Tutorial

Bandits, LLMs, and Agentic AI

Abstract

This tutorial offers a comprehensive guide to using multi-armed bandit (MAB) algorithms as a foundation for improving Large Language Models (LLMs) and advancing toward agentic AI systems. The central theme is threefold: understanding bandit algorithms in general, applying bandit methods to LLMs, and extending these ideas to agentic systems, where LLMs act with autonomy, make decisions, and adapt based on feedback.

We begin with the fundamentals of MAB algorithms, focusing on the exploration-exploitation trade-off that lies at the heart of sequential decision-making. Core strategies such as epsilon-greedy, Upper Confidence Bound (UCB), and Thompson Sampling are introduced, with a discussion of their advantages, limitations, and practical use cases. This section builds the conceptual toolkit necessary for applying bandit techniques in more complex settings.

The second part of the tutorial moves to bandit for LLMs, where we show how text generation options—candidate tokens, sentences, or dialogue paths—can be modeled as “arms” in a bandit problem. This framing enables LLMs to adaptively select outputs, guided by feedback in the form of rewards. Key design issues are discussed, including reward modeling in language contexts, scalable exploration policies, and integration into large-scale architectures. We highlight how this approach directly enhances LLM performance in terms of relevance, diversity, and personalization.

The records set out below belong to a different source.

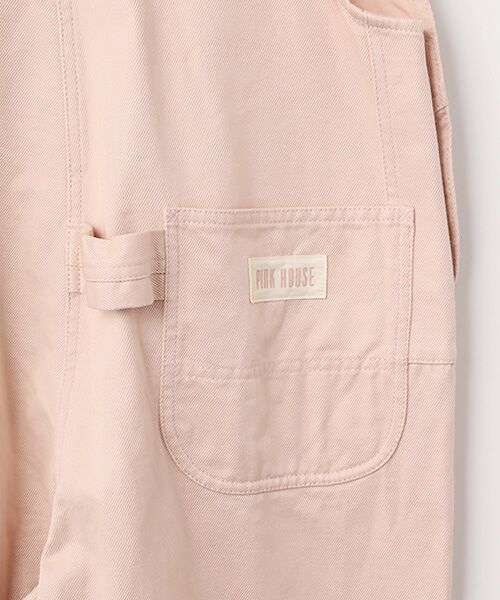 PINK HOUSE / ピンクハウス サロペット・オールインワン | ネームワッペンいっぱいオーバーオール | 詳細6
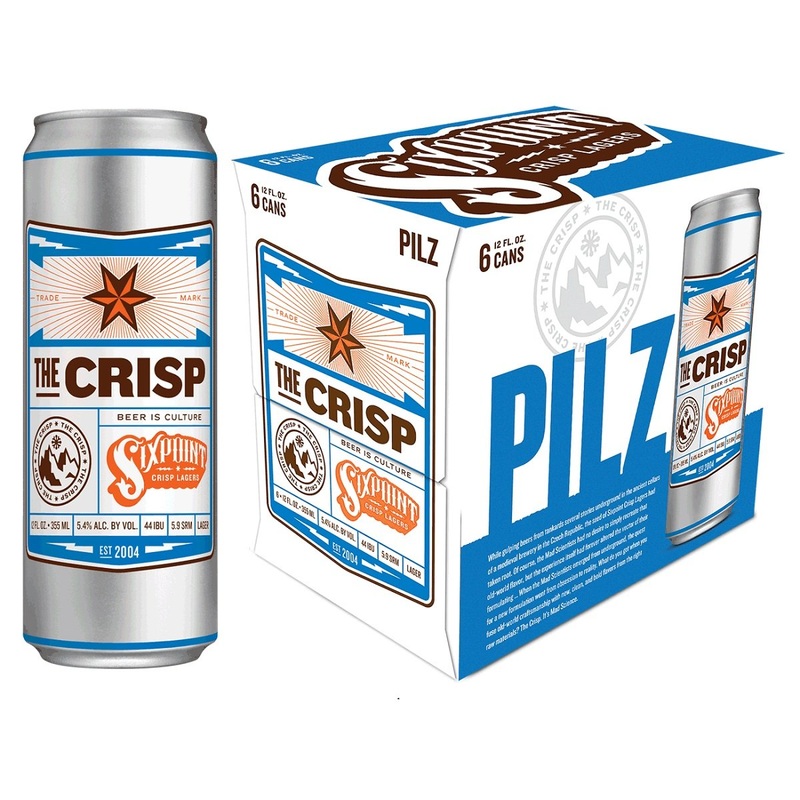 Six Point The Crisp Pilz 12oz 6 Pack Can (alc.5.4%)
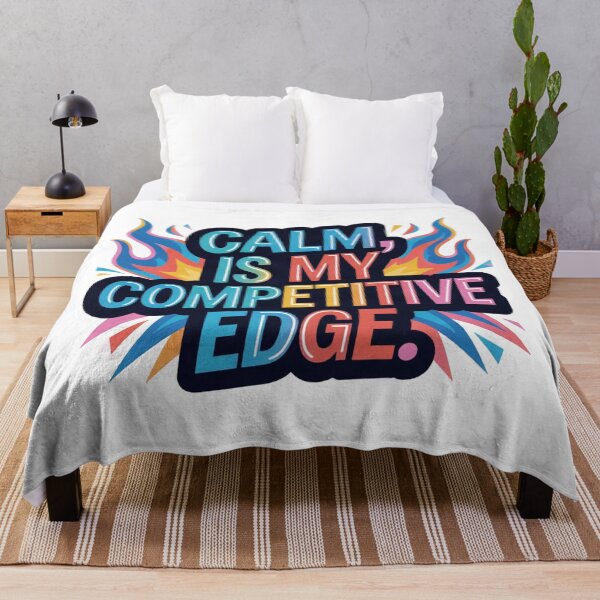 Item preview, Calm Is My Competitive Edge. Motivational Mindset Quote designed and sold by Aarvya Fashion Club ( A.F.C ).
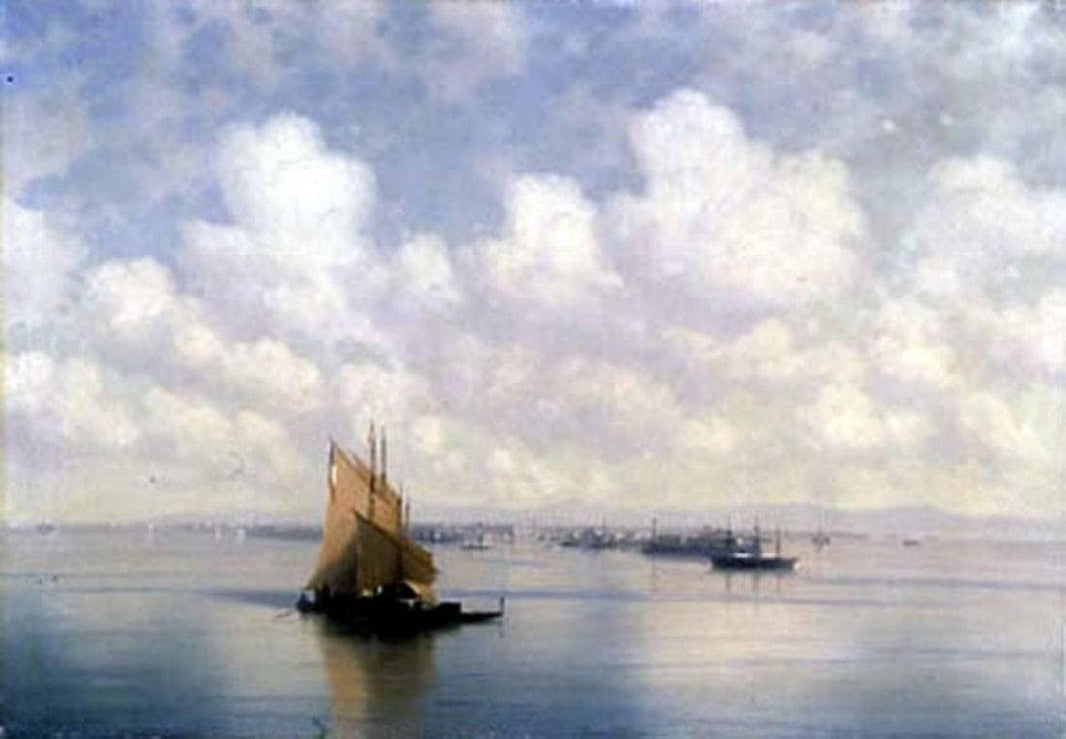 Seascape by Ivan Aivazovsky — hand-painted landscape oil painting reproduction on canvas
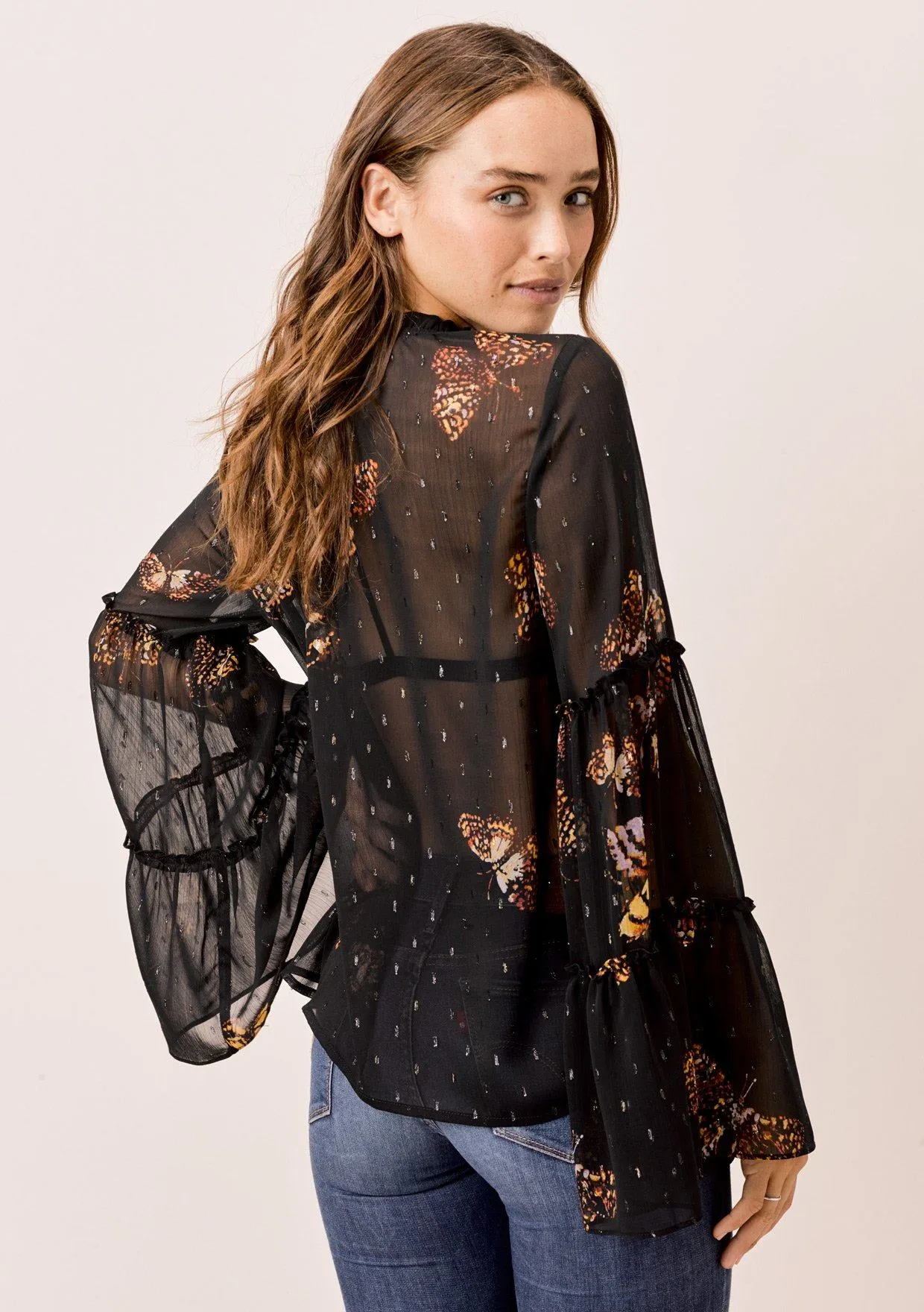Rhea Bell Sleeve Top sold by lovestitch product image thumbnail 5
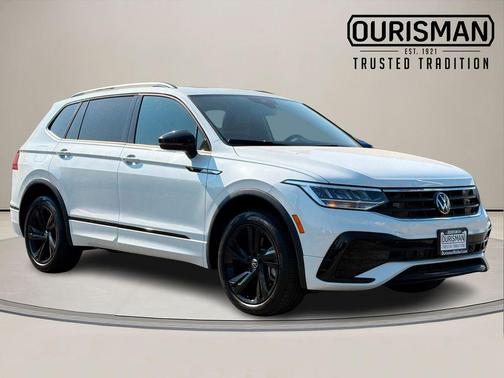 Opal White 2024 Volkswagen Tiguan 2.0T SE R-Line Black 4MOTION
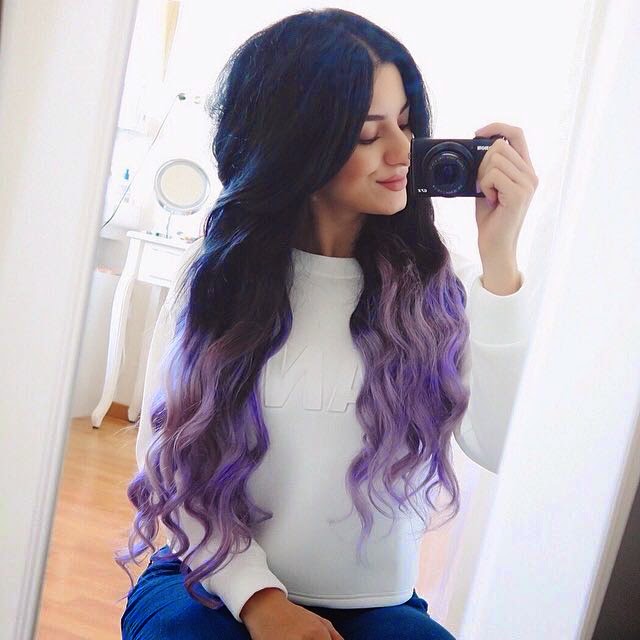 New Hair Purple Dip Dye Hermina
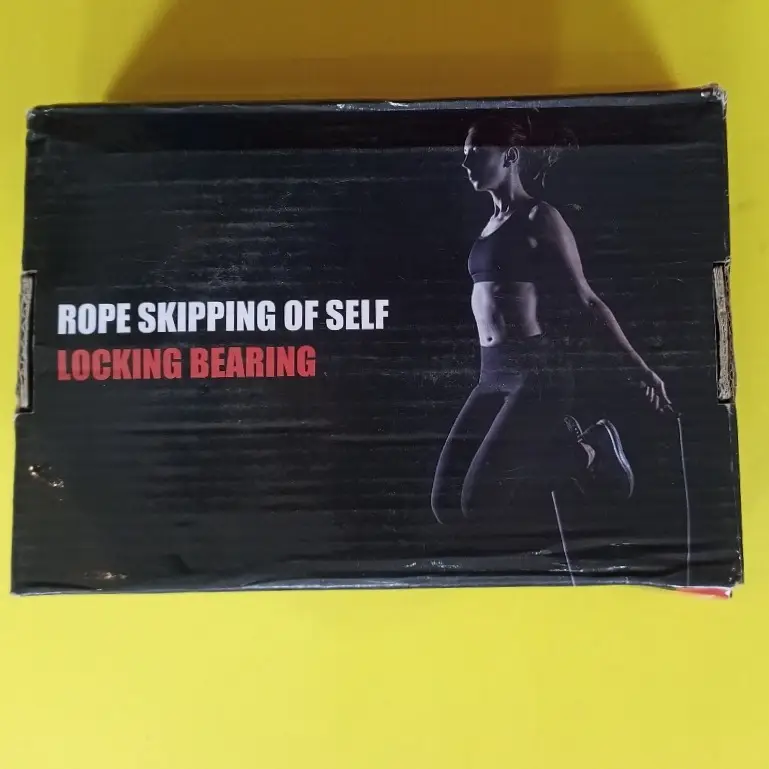 Skipping Rope Self Locking Bearing Adjustable Length Training Set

The final stage extends these ideas to bandit for agentic systems. Here, the focus is on how bandit-driven mechanisms can support the emergence of autonomy in LLMs. By continuously learning from interaction and feedback, MAB-augmented LLMs develop adaptive behaviors that resemble agency: the ability to choose, refine, and pursue strategies dynamically. We discuss how these traits are critical for real-world applications such as personalized dialogue assistants, adaptive content recommendation, and interactive decision-support systems. This section also addresses challenges around reward alignment, ethical constraints, and computational efficiency, which become especially important as models gain more decision-making power.

Case studies are provided throughout the tutorial, showcasing how the progression from bandit basics to LLM integration to agentic systems creates measurable benefits in terms of engagement, user satisfaction, and long-term adaptability.

By weaving together these three levels—bandit, bandit for LLMs, and bandit for agentic systems—the tutorial demonstrates how MAB algorithms provide a principled pathway toward the next generation of adaptive, autonomous, and intelligent language technologies.